The hard way
Par Simon le mardi 4 mars 2008, 04:26 - Personal - Lien permanent
Qui l’aurait cru ? Mais je crois que je m’étais un petit peu embourgeoisé à Paris.
En fait c’était évident. Mais on ne mesure jamais différence que par contraste. Dans la ville des homeless, je me suis senti un peu homeless aujourd’hui. Homeless et far from home.
Après l’euphorie des premiers jours, la période
couchsurfing, les moments de découverte et la
béatitude, est venu, sans que je m’en rende bien compte, un
lundi cauchemardesque.

Après la nuit noisy dormitory, se profilait la première semaine de
boulot et l’emménagement de lundi prochain, qui s’annonce - si le lait ne
tourne pas d’ici-là façon péremption subite à laquelle je suis désormais
habituée – comme un véritable Magic Bus, référence à son
totem cinématographique, Into the Wild. Toutes références
initiatiques acceptées.
Mais il fallait bien tenir la semaine.
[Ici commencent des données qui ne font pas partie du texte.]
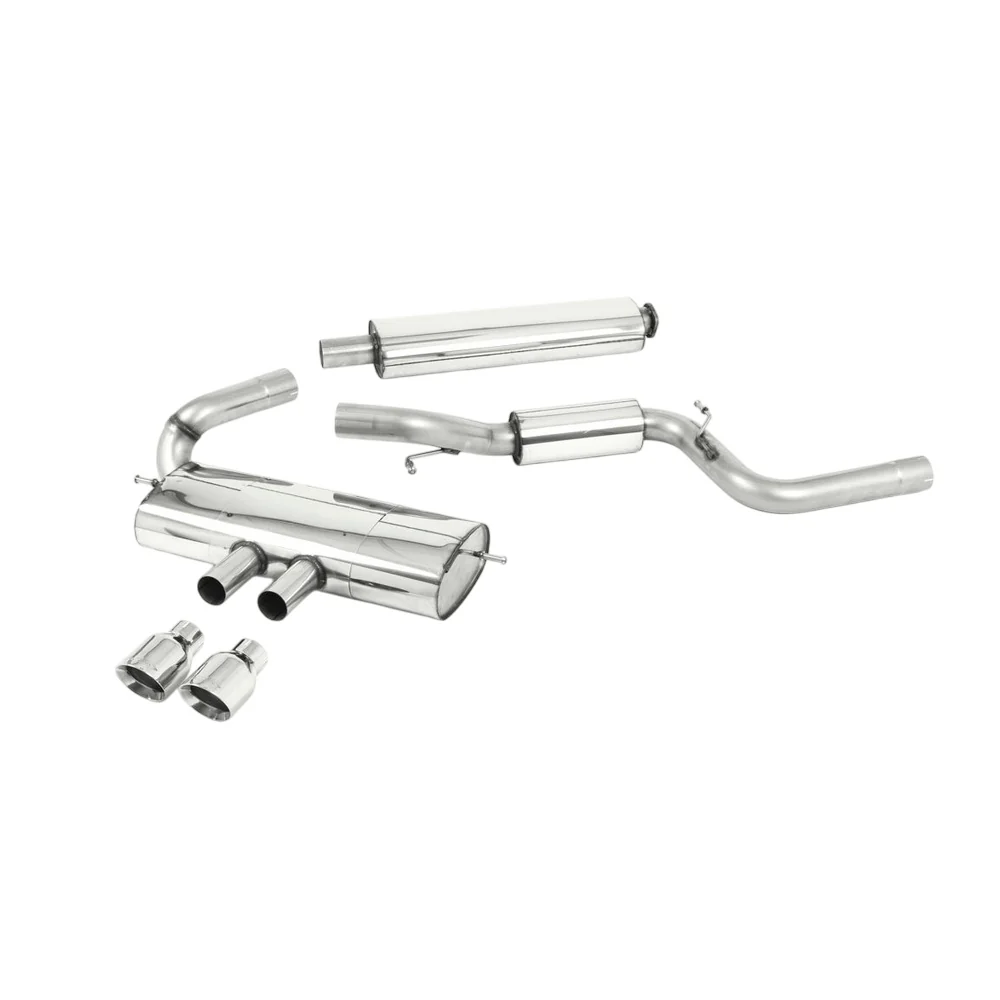 Milltek Cat Back Exhaust Ford Focus Mk3 ST 2.0 EcoBoost 5-Door Hatchback 12-18 - Image 6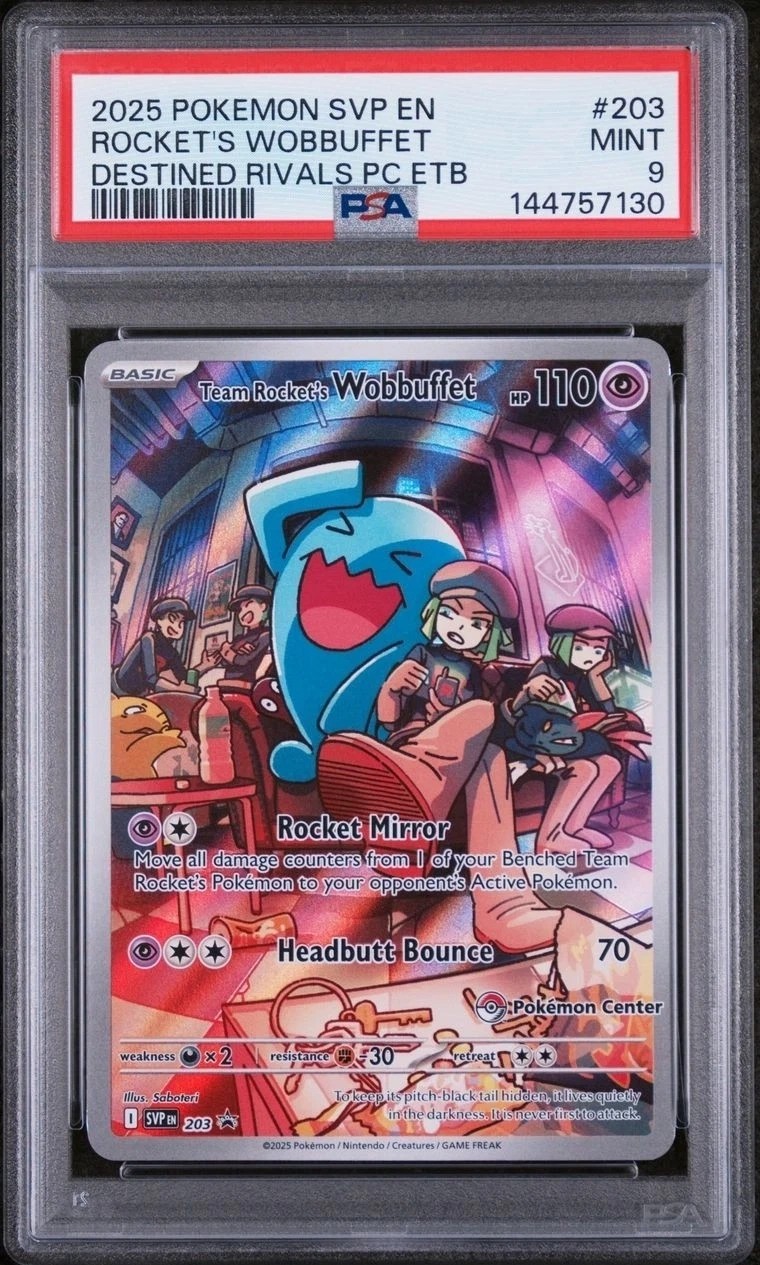Rocket's Wobbuffet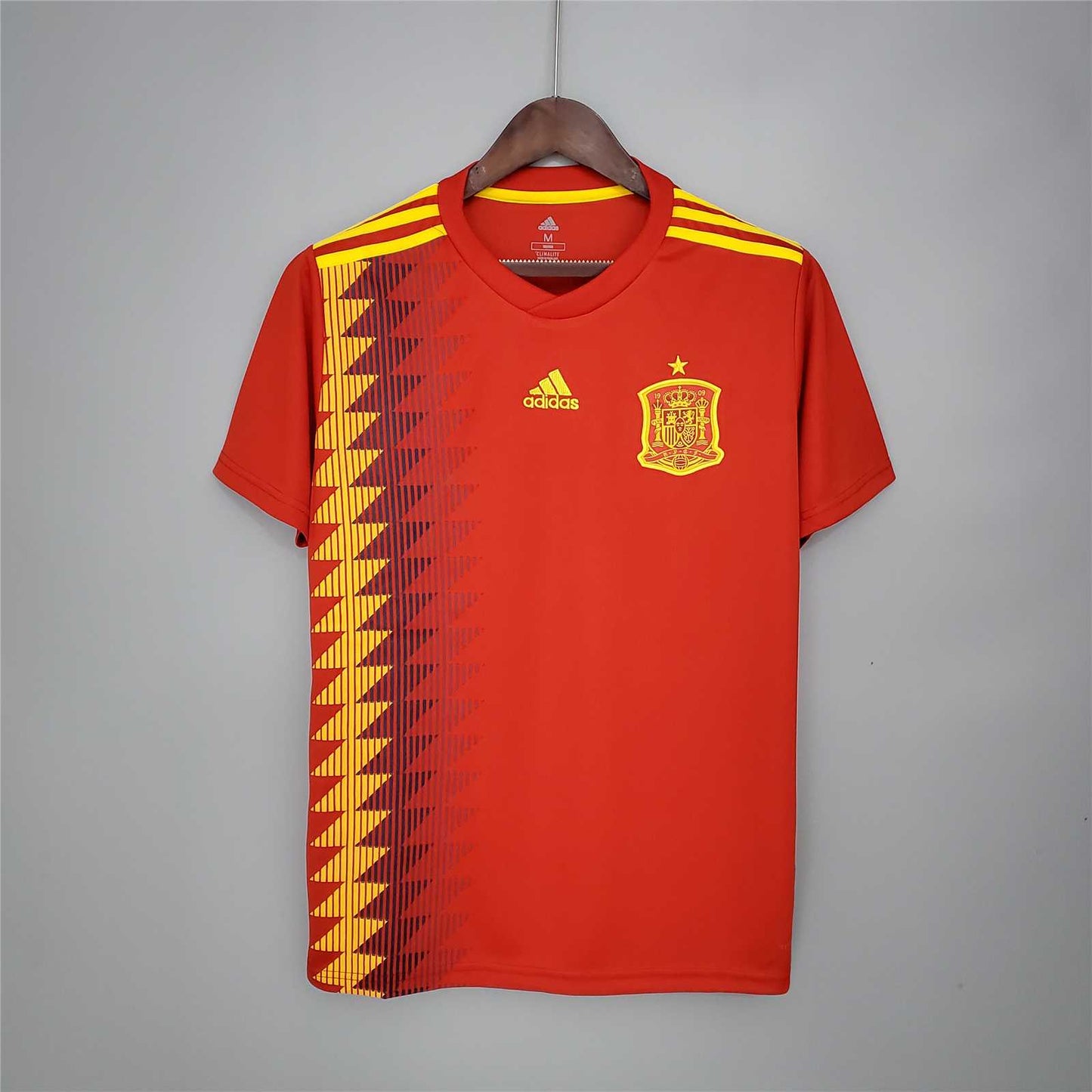 Selección de España. Camiseta local 2018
Direction Folsom & 7th ou j’ai repéré sur Craigslist un rental à $150 la semaine qui s’annonce cheap mais providentiel, et ces derniers jours m’ayant par contre re-prouvé ma capacité à dormir parfaitement bien sur une paillasse, ou un demi-canapé, voire même ma capacité à endurer le mal en attendant le mieux, (l'équation mauvais salaire/stock-options peut-être...), j’avance sans peur. Je me présente et attribue le pricing ristourné à l’échafaudage qui couvre le bâtiment. Peu importe puisque je ne suis pas là pour rester la journée.
Mais s’était sans compter que deux étages au dessus de l’épisode tragi-comique du Ghetto Blaster de 4000 MegaWatts (si vous suivez bien en fait le deuxième successif en deux nuits) se cachait la dureté de l’Amérique et la déchéance des délaissés de San Francisco dans toute sa splendeur.
Au petit matin donc, après une call-conférence improvisée sur un lit bancal pour régler quelques détails subséquentiels à mon dernier job chez Kindo, je sors de ma cellule pour un petit face-to-face tendu avec le couple de tauliers pakistano-meltingpotisés, auxquels j'avais préparé un savon de trappeur d'une demi-livre, pour ne pas m’avoir prévenu du Club caché et du timeframe 0-2:am stérilisé aux décibels agressifs.
Pour $10 de plus je négocie - à force gesticulations et froncés de sourcils menaçants dont j’ai le secret - la 2-person bedroom qui se trouve au second étage.
Echange de clefs, re-packing, je monte. Drôle d’odeur. Je pousse la porte, pose les sacs, fais couler l’eau du robinet, inspecte les coins, redescends, rends l’autre clef, remonte. Refais l’expérience de l’odeur changeante entre le premier et le second étage.
Il y a un troisième.
Je monte.
Une sorte d’infirmier détourne la tête et me regarde avec la même expression incrédule qu'ont les médecins militaires dans les films de guerre hollywoodiens, quand ils ont les mains dans des tripes encore chaudes après un assaut raté.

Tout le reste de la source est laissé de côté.